La crisis la creó un neoliberalismo irresponsable. En muchos casos, a los progresistas les ha correspondido gestionarla. Lo han hecho a través de una UE que tampoco la provocó, sino que la ha combatido, creando instrumentos en tiempo real, pero que no puede terminar identificando su gobierno económico con una única política de ajuste permanente y, menos aún, con el debilitamiento del Estado de bienestar. Eso diferencia a derecha e izquierda, que comparten el marco constitucional europeo, pero pueden aplicar políticas distintas en el mismo.
La izquierda ha de apoyar una UE que responda a su propia definición: una democracia supranacional basada en la economía social de mercado, al servicio de las grandes mayorías sociales que demandan más derechos, empleo y servicios públicos y de interés general de calidad, es decir, mejor y mayor nivel de vida.
Esa tendría que ser la apuesta del europeísmo progresista: una UE que culmine su unión política, posea un fuerte gobierno económico y social, desarrolle al máximo su norma constitucional -introduciendo la figura del referéndum europeo, eligiendo eurodiputados en candidaturas transnacionales, siendo paritaria en todas sus instituciones no intergubernamentales-, mejore sustancialmente su presencia internacional -con la legalidad internacional por delante, incluida la responsabilidad de proteger- y sea más democrática y eficaz, más ciudadana.

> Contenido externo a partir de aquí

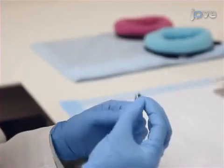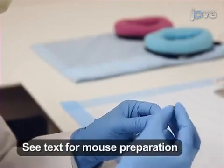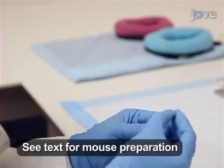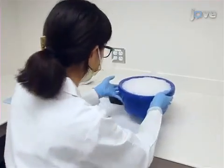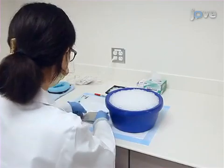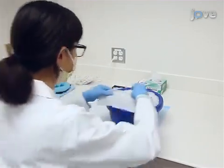To begin, prepare a 10 microlitre injection syringe with a 32-gauge needle for general postnatal day zero neonates. Then, place a small aluminum plate on ice to cool, and place a dry task wipe on top of the plate to protect the pup's skin from the cold metal.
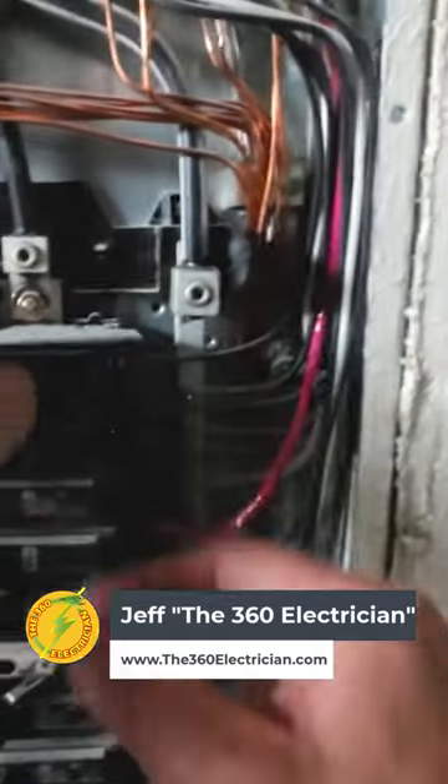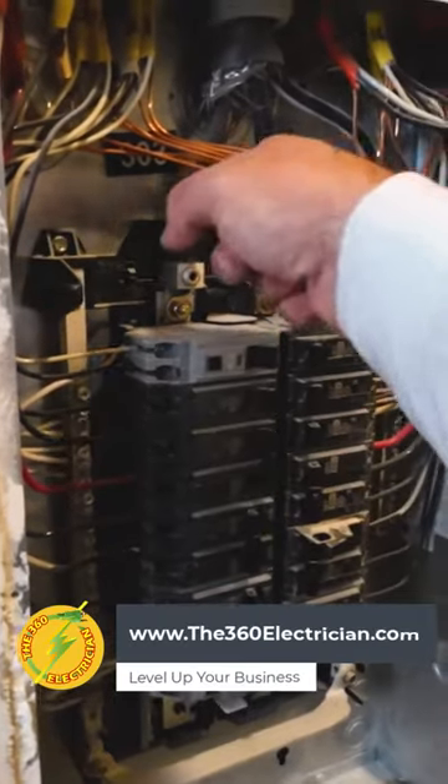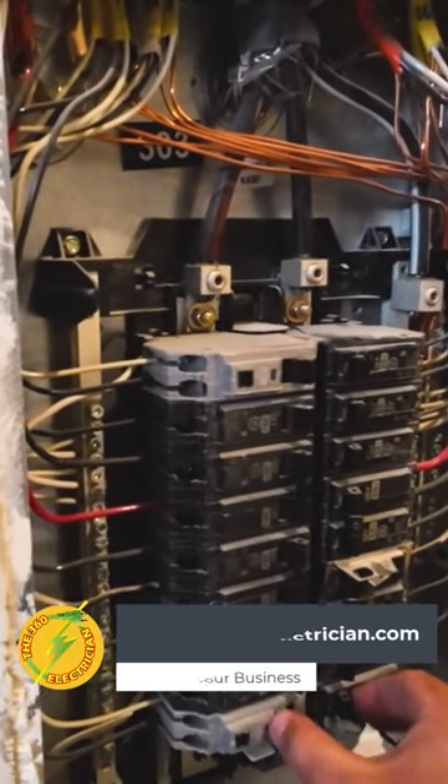All right, we're going to turn some breakers off, see if we can find the lighting circuit. I'm going to go downstairs because I think one of these legs was down. I don't think your issue is up here — everything looks pretty good.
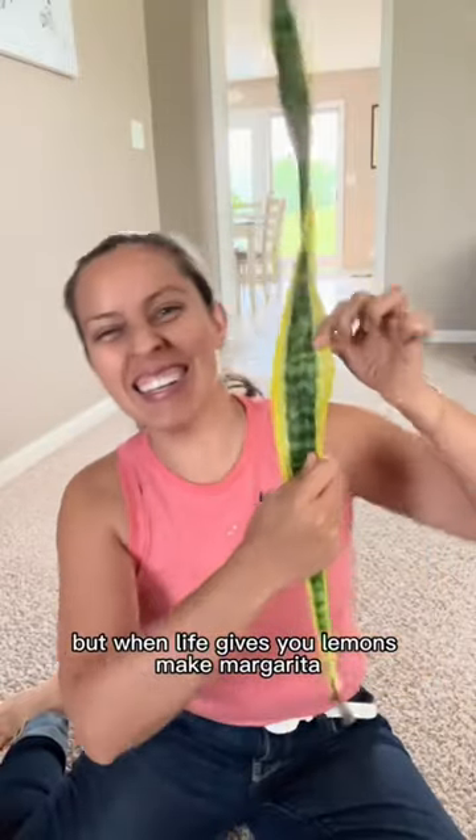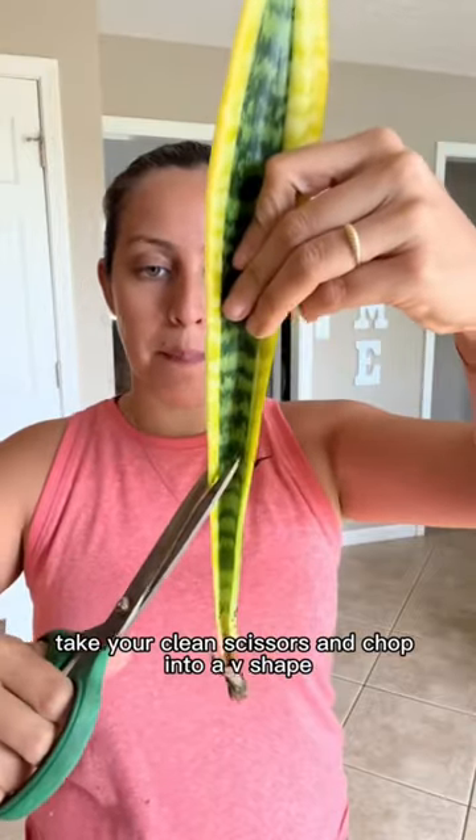But when life gives you lemons, make a margarita. Take your clean scissors and chop into a V-shape. Like that!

La UE ni se resquebraja, ni se fragmenta, ni está en declive. Pero debe seguir profundizando su integración hasta llegar a ser una unión política, económica y social federal. España, que cumple 25 años en la UE, no ha cesado de empujar en ese sentido. Y debe seguir haciéndolo desde su sitio, que no es la periferia, sino el corazón de la construcción europea.